### YOUR GOAL
Write the records out exactly, so that no picture remains in the copy.

____

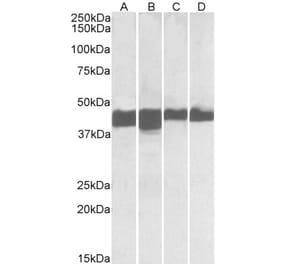 Western Blot - Anti-Creatine Kinase MM Antibody (A85110) - Antibodies.com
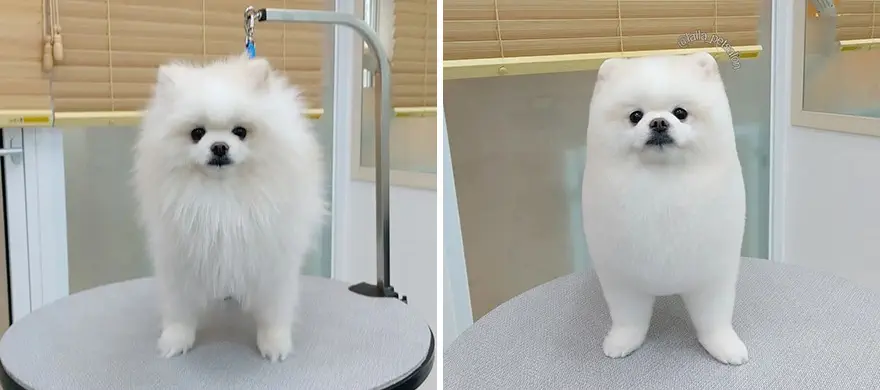 In Korea Dog Hair Salon Goes Viral For Cute Cuts On Its Customers 64E7588E0Fb49 Png 880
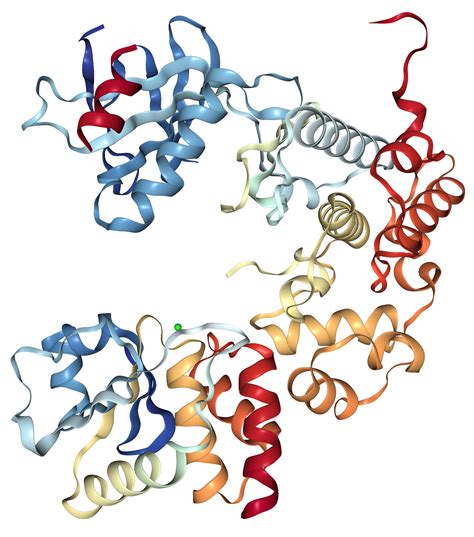 JNK1 Protein Overview | Sino Biological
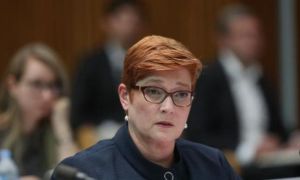 Úc yêu cầu điều tra quốc tế về nguồn gốc virus corona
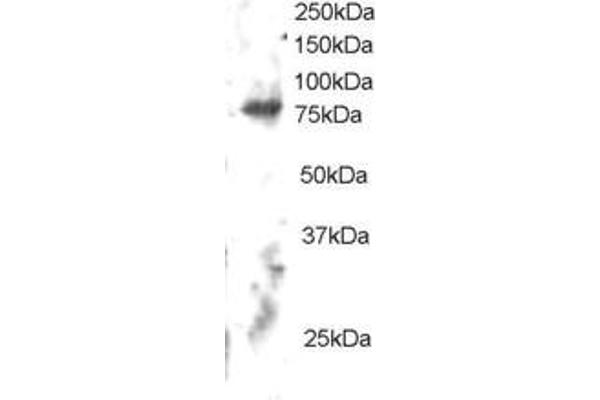 ELMO2 antibody  (C-Term)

____

### WRITTEN ANSWER
 Western Blot - Anti-Creatine Kinase MM Antibody (A85110) - Antibodies.com
 In Korea Dog Hair Salon Goes Viral For Cute Cuts On Its Customers 64E7588E0Fb49 Png 880
 JNK1 Protein Overview | Sino Biological
 Úc yêu cầu điều tra quốc tế về nguồn gốc virus corona
 ELMO2 antibody  (C-Term)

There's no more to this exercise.